Lockett was a 1998 All-Big 12 Conference honorable mention wide receiver, 1999 All-Big 12 Conference second-team wide receiver, 2000 All-Big 12 Conference first-team punt returner, 2001 All-Big 12 Conference second-team kickoff returner. He was a four-time Big 12 Conference Special Teams player of the week: August 26 – September 2, 2000, September 16, 2000, November 18, 2000, and September 20-22 2001.

He established the following Kansas State Wildcats football records:
- single-game receiving yards by a freshman (188 yards on September 26, 1998) single-season receiving yards by a freshman (928, 1998),
- consecutive 100-yard receiving games (3 games, October 31 – November 14, 1998) — broken in 2007 by Jordy Nelson,
- career all-purpose yards (4023 yards, 1998-2001) — broken in 2004 by Darren Sproles
- single-season punt return average (22.8 yards in 2000)
- longest play from scrimmage (97 yards on September 26, 1998)

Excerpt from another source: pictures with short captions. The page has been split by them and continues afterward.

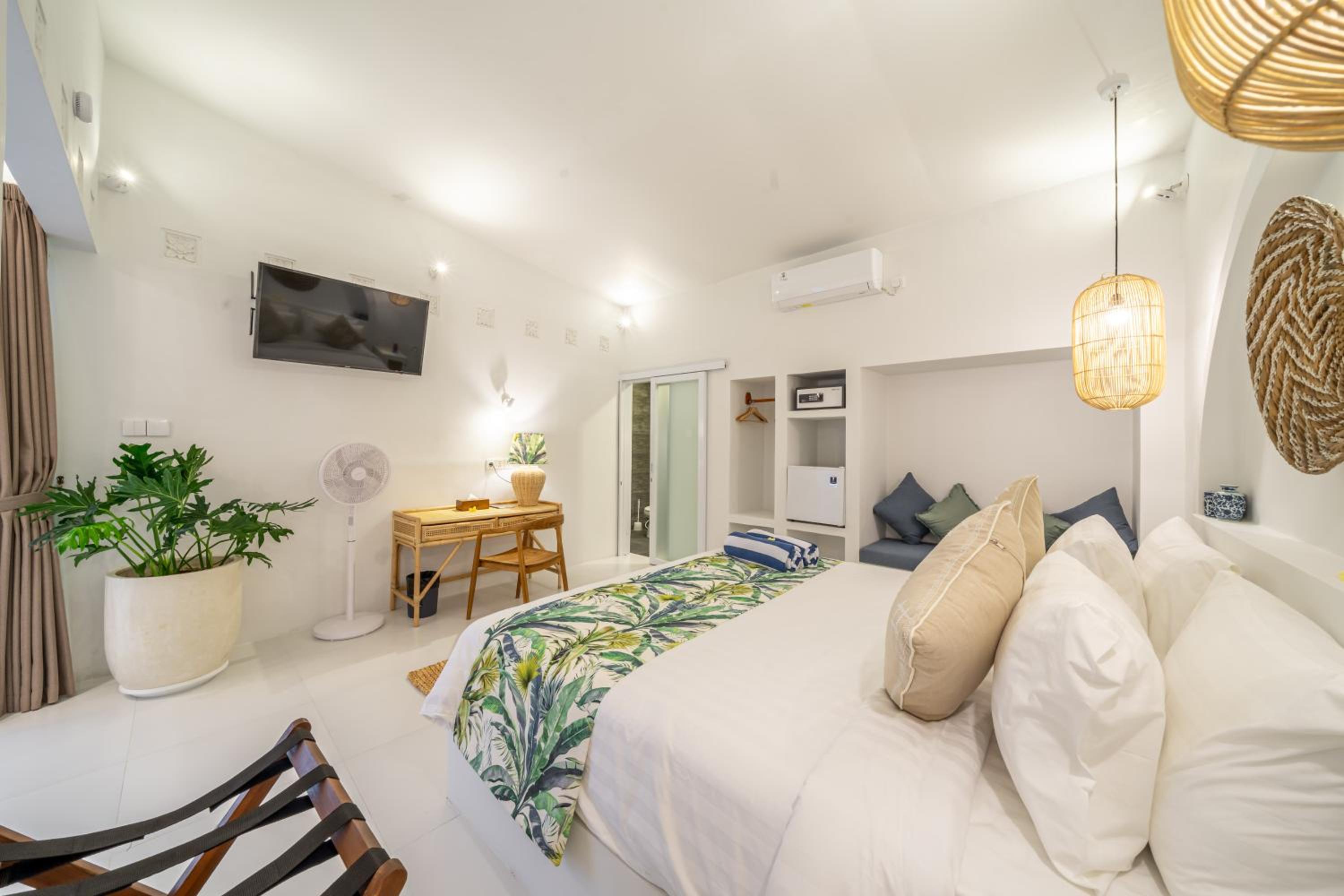 The Hepburn Seminyak ADULTS ONLY Chic Boutique Room with Pool 900m Walk to Beach
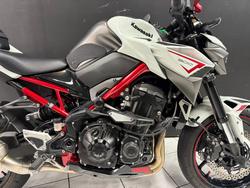 2022 Kawasaki Z900 SUPERNAKED (ZR900) White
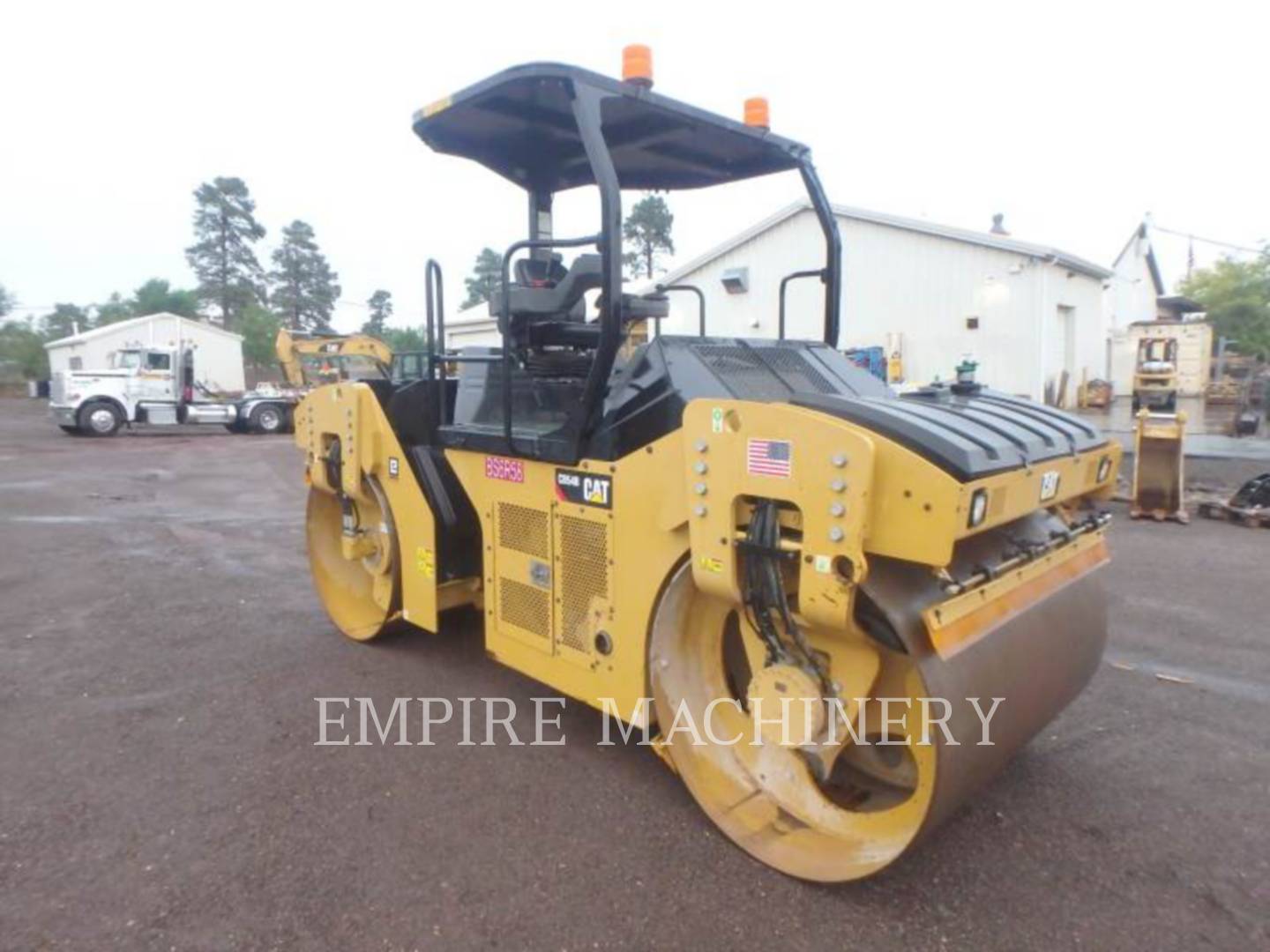 2016 Caterpillar CB54B Vibratory Double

He led Kansas State in the following statistics:
- receptions (24 in 2001)
- receiving yards (357 yards in 2001)
- all-purpose yards (1,459 yards in 2000)

In track, placed 4th and 5th in the 60 metres at the 1998 and 2000 Big 12 Indoor Track & Field Championships and set the Kansas State record of 6.69 seconds in the 1999 event. In 2001, Terence Newman broke the record when he ran a 6.67, and in 2002 Newman set the current school record of 6.62. Lockett's time of 21.48 seconds in 2000 was second in school history in the 200 metres at the time. Lockett has one of the fastest 40-yard dash times at the NFL Combine since 2000 when times began being recorded electronically with fully automatic time electronic timing.

==Professional career==

===NFL===

Lockett was selected in the seventh round with the 254th overall pick in the 2002 NFL draft by the Tampa Bay Buccaneers as a compensatory selection. He signed with the 2002 Buccaneers in July of that year. The team released him at the end of training camp. He spent much of the 2002 NFL season on the taxi squad for the San Francisco 49ers, who signed him on October 1, released him on November 19, signed him on November 27, and re-signed him for 2003 the following February. They released him in training camp in 2003.

Pre-draft measurables
| Height | Weight | Arm length | Hand span | 40-yard dash | 10-yard split | 20-yard split | 20-yard shuttle | Three-cone drill | Vertical jump | Broad jump |
| 5 ft 7+3⁄8 in (1.71 m) | 155 lb (70 kg) | 29 in (0.74 m) | 7+1⁄8 in (0.18 m) | 4.31 s | 1.54 s | 2.55 s | 4.11 s | 6.84 s | 35.0 in (0.89 m) | 9 ft 11 in (3.02 m) |
All values from NFL Combine

===CFL===
In 2004, Lockett signed with the Ottawa Renegades. At some point in the season, he became a member of the 2004 BC Lions that played in the 92nd Grey Cup. During the 2005 CFL season for the BC Lions, he fielded 61 kickoff returns, which As of 2011 was tied for fourth all-time in league history. That season, he led the CFL in return yards and became a Rogers CFL Player Awards nominee. He was released by the Lions after the 2006 CFL season after return blocking rule changes rendered him ineffective.

==Personal==
Lockett's brother Kevin Lockett held the Kansas State career receiving record, which was surpassed by his nephew Tyler Lockett on November 8, 2014. His nephew is also the only Kansas State player to return kickoffs for touchdowns in consecutive games. His parents are John and Beatrice Lockett. He is an accomplished rapper.